• _Exercise requirements_
Please print, exactly, only the lines in the entries below from the line that has "Hi guys, welcome" through the line that has "I'm going to go". Pictures don't go in.

• _Record set_
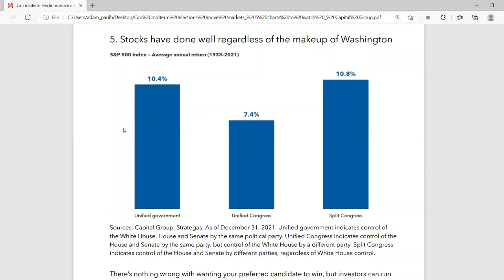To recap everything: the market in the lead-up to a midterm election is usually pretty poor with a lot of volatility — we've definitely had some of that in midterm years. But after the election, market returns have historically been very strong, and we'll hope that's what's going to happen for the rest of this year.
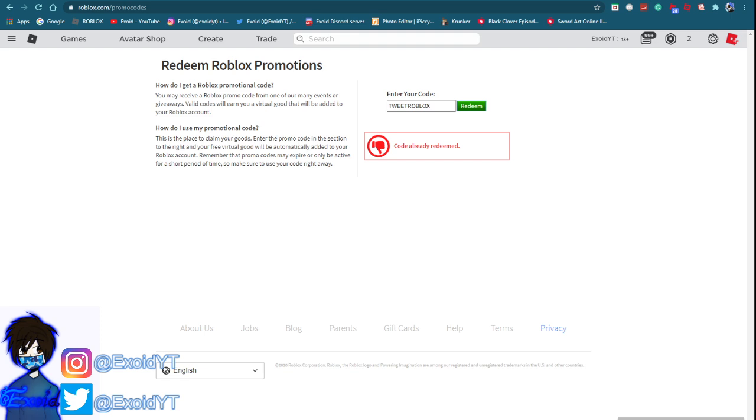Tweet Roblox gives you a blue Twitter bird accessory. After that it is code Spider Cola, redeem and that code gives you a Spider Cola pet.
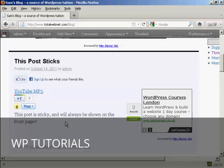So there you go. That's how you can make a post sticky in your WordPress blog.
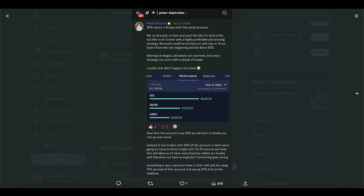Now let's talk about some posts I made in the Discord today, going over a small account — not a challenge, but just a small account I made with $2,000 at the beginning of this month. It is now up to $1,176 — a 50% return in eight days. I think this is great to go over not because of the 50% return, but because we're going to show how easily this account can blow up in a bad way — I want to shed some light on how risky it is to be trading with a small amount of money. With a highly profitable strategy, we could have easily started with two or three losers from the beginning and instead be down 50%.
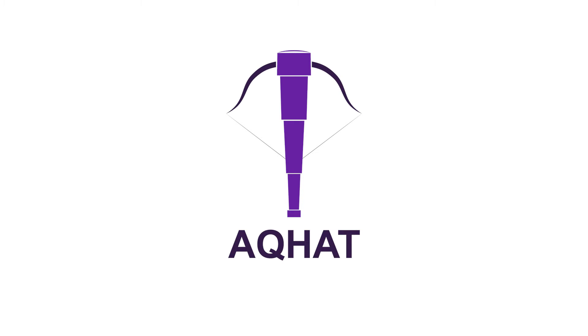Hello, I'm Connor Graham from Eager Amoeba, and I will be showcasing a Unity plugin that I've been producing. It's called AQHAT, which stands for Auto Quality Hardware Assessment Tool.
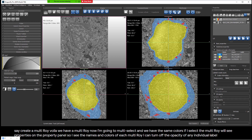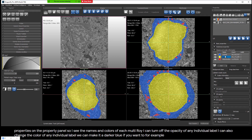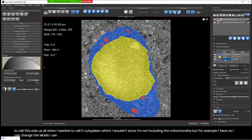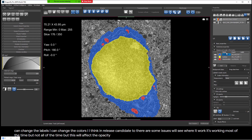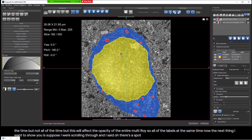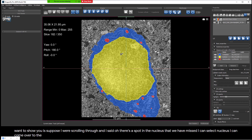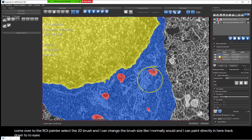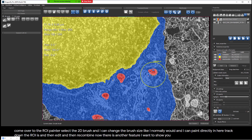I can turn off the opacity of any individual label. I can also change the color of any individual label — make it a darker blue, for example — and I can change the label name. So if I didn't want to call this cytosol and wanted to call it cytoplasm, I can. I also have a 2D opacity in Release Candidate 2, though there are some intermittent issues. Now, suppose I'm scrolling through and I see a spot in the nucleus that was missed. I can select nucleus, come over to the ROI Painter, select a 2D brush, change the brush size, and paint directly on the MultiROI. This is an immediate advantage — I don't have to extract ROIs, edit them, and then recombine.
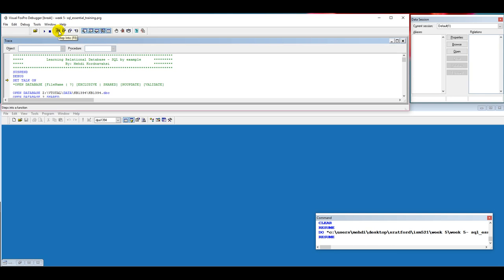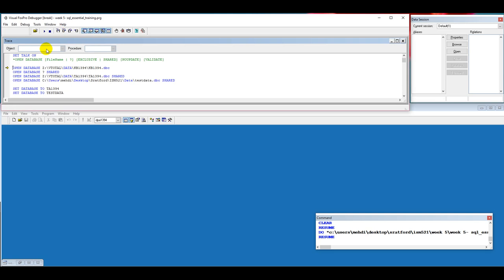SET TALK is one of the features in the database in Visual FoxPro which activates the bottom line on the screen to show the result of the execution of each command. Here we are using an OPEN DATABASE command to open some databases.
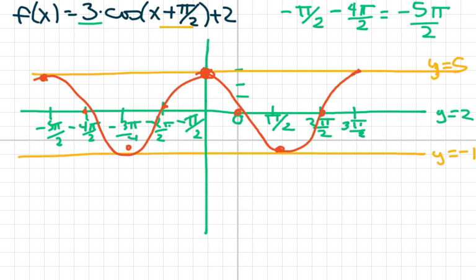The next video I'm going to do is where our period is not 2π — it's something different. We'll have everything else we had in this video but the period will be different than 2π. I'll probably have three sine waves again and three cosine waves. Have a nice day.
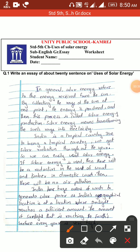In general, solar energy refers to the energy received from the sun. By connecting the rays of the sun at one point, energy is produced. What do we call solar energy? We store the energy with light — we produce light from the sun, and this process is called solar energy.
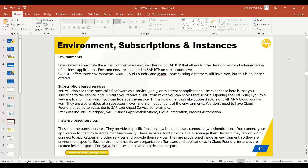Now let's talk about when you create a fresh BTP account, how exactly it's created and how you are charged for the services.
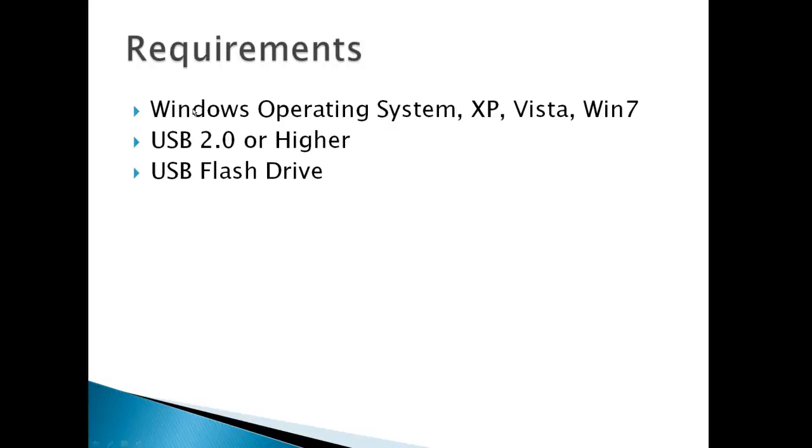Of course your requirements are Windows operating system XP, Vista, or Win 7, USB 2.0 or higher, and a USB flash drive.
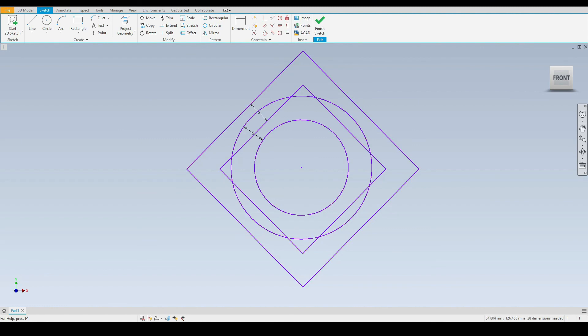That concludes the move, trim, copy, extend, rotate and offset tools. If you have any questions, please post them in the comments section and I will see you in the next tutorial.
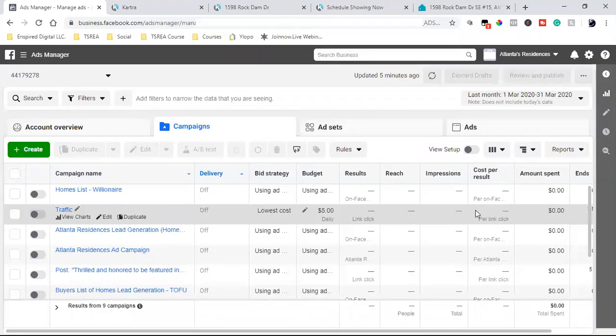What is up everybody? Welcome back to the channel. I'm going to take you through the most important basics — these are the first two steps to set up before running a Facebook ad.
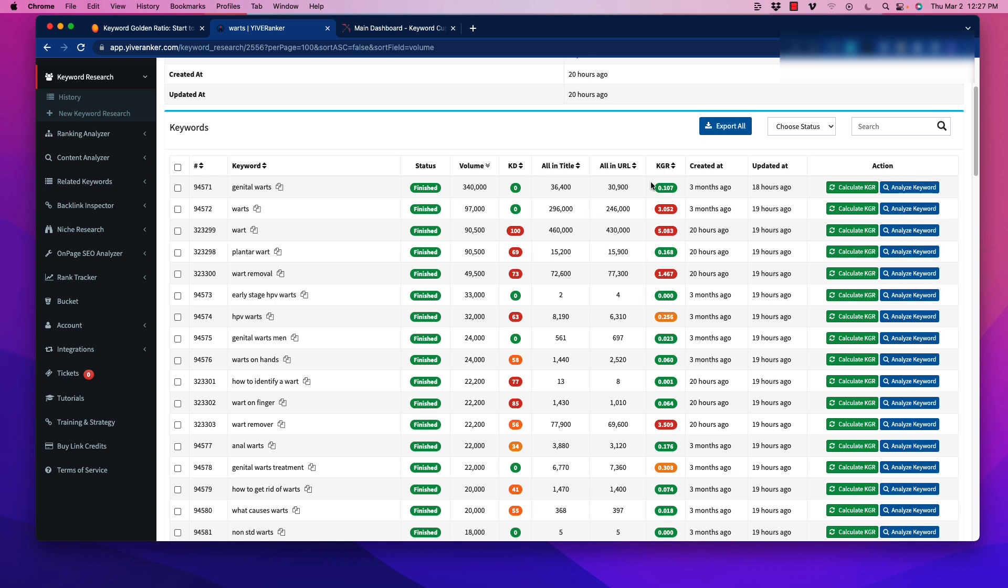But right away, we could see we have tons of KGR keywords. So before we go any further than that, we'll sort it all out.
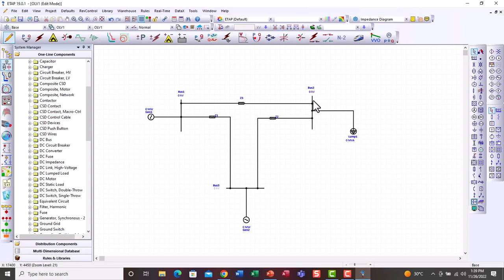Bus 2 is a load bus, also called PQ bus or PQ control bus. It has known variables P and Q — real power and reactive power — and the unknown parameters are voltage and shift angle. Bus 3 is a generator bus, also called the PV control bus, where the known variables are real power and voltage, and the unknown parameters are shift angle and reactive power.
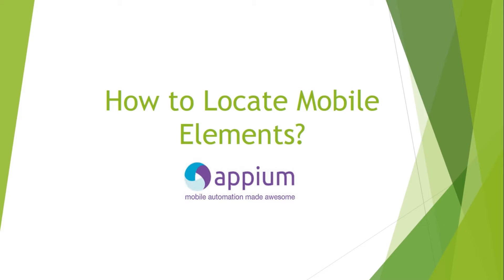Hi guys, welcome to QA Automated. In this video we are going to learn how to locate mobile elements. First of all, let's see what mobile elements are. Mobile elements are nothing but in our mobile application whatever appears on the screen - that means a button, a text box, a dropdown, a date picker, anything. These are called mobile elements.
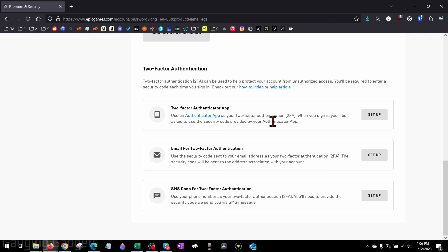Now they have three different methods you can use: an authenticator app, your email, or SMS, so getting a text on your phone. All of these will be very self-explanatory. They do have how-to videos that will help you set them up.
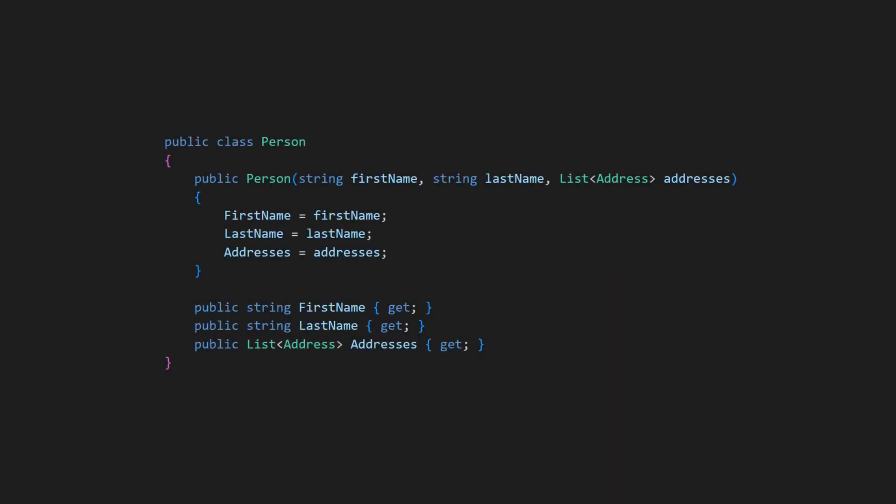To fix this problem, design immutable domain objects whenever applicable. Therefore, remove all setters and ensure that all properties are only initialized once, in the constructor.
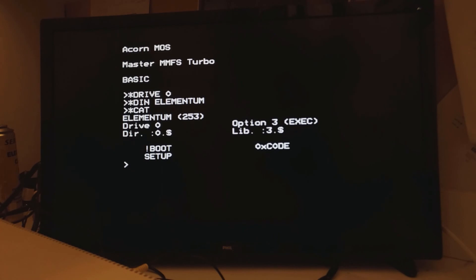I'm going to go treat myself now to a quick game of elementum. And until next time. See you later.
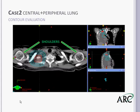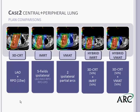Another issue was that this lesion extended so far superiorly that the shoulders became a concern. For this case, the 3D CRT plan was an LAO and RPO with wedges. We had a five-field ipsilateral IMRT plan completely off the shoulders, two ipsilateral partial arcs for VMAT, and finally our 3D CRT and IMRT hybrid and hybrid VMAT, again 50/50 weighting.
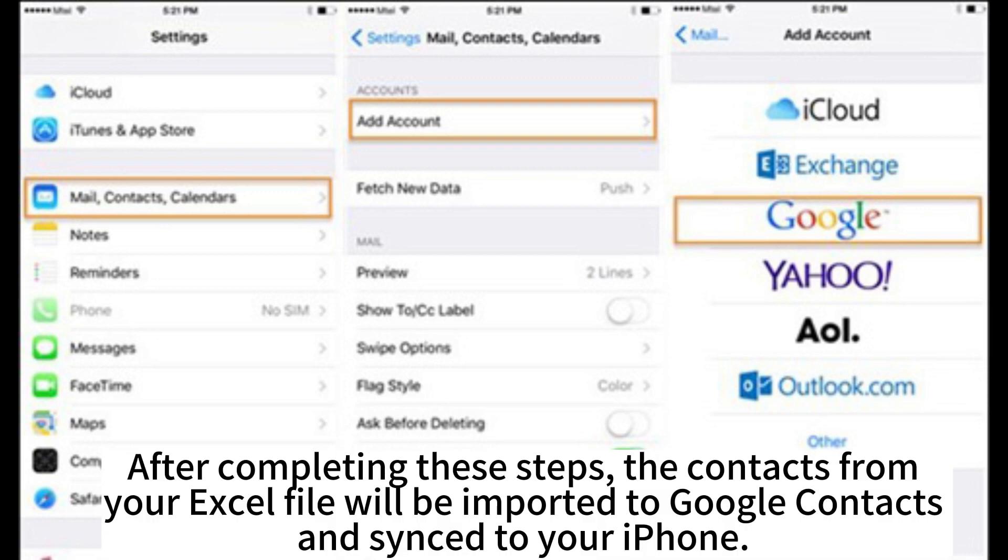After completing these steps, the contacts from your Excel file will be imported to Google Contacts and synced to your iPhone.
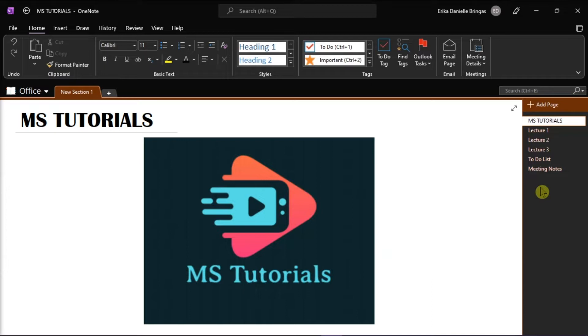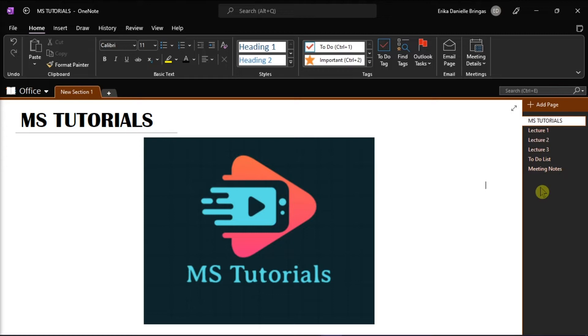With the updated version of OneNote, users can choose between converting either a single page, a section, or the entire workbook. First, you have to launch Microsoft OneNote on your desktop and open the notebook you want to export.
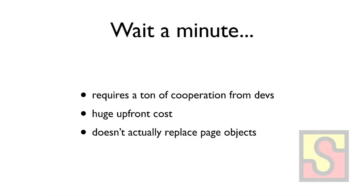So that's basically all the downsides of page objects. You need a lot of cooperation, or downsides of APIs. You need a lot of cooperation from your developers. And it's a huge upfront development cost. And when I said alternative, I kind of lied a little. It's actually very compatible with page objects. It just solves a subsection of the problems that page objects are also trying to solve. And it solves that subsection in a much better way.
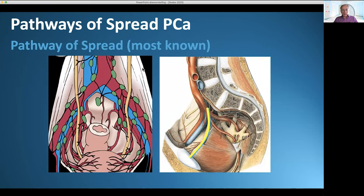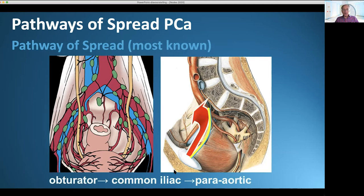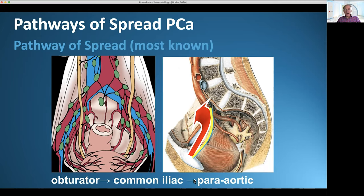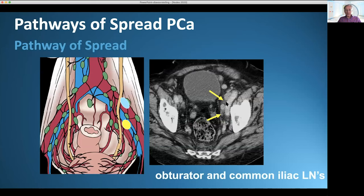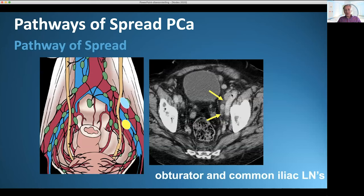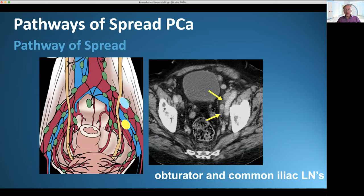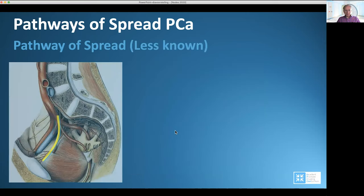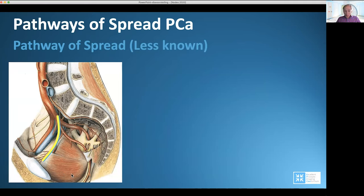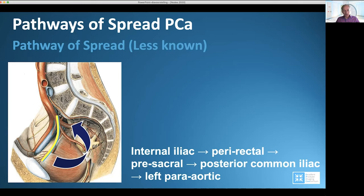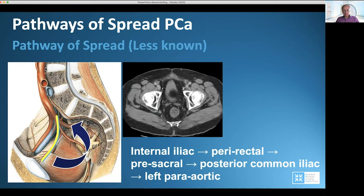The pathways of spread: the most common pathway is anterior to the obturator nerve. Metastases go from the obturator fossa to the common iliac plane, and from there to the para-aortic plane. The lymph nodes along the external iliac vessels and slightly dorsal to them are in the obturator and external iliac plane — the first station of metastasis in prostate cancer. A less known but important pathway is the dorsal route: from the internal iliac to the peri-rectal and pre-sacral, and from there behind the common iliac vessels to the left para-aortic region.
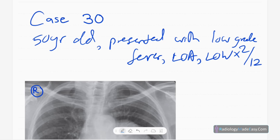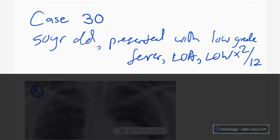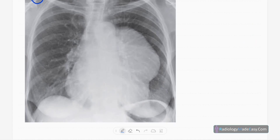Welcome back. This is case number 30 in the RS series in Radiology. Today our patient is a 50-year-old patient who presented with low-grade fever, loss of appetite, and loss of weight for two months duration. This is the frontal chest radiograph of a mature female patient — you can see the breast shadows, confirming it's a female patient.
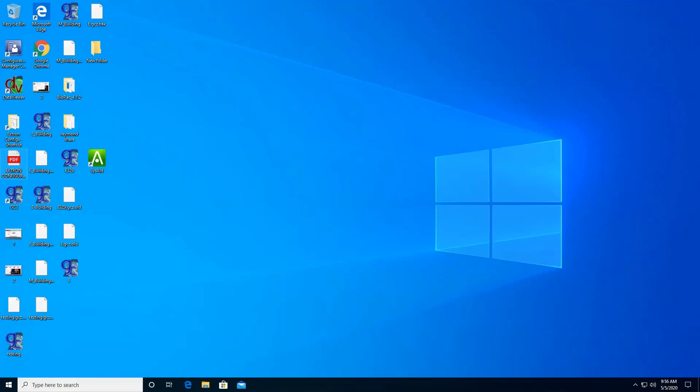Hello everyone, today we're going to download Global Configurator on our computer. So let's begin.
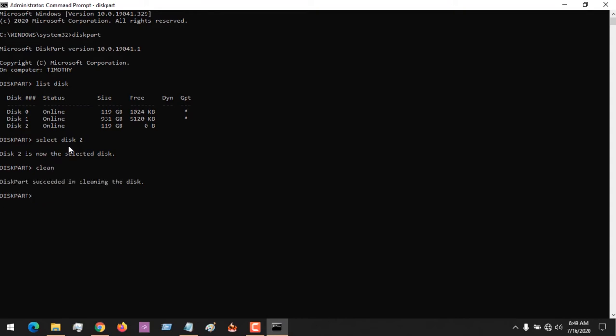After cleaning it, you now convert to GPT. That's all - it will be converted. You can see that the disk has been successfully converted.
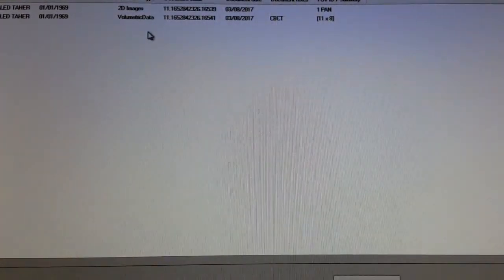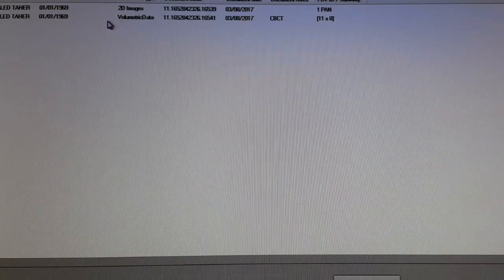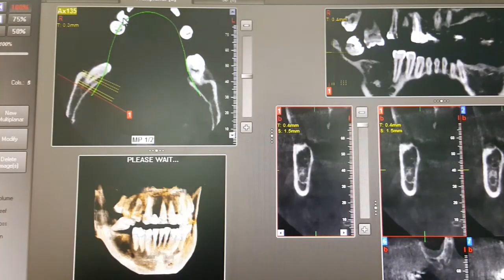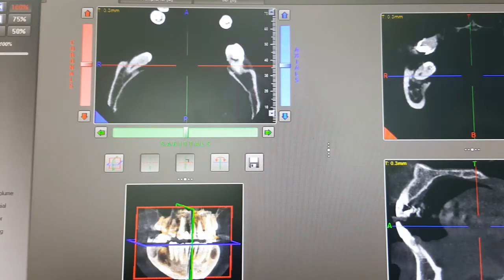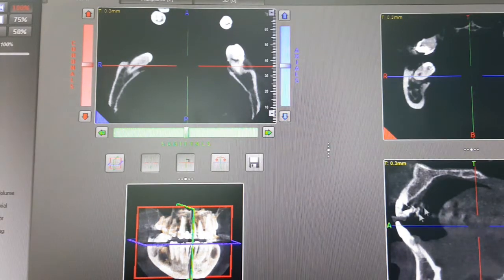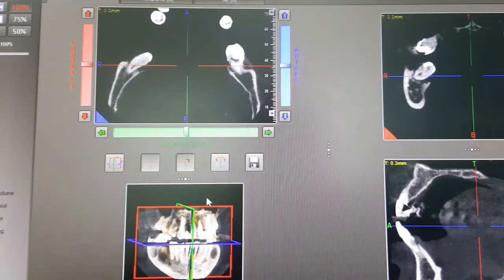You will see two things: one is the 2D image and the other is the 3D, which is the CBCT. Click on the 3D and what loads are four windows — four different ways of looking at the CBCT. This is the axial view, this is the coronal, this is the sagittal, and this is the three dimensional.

• _Response to the task_
Hi guys, welcome to QA Automated. In this video we are going to learn how to locate mobile elements. First of all, let's see what mobile elements are. Mobile elements are nothing but in our mobile application whatever appears on the screen - that means a button, a text box, a dropdown, a date picker, anything. These are called mobile elements.
Now they have three different methods you can use: an authenticator app, your email, or SMS, so getting a text on your phone. All of these will be very self-explanatory. They do have how-to videos that will help you set them up.
To fix this problem, design immutable domain objects whenever applicable. Therefore, remove all setters and ensure that all properties are only initialized once, in the constructor.
I'm going to go treat myself now to a quick game of elementum. And until next time. See you later.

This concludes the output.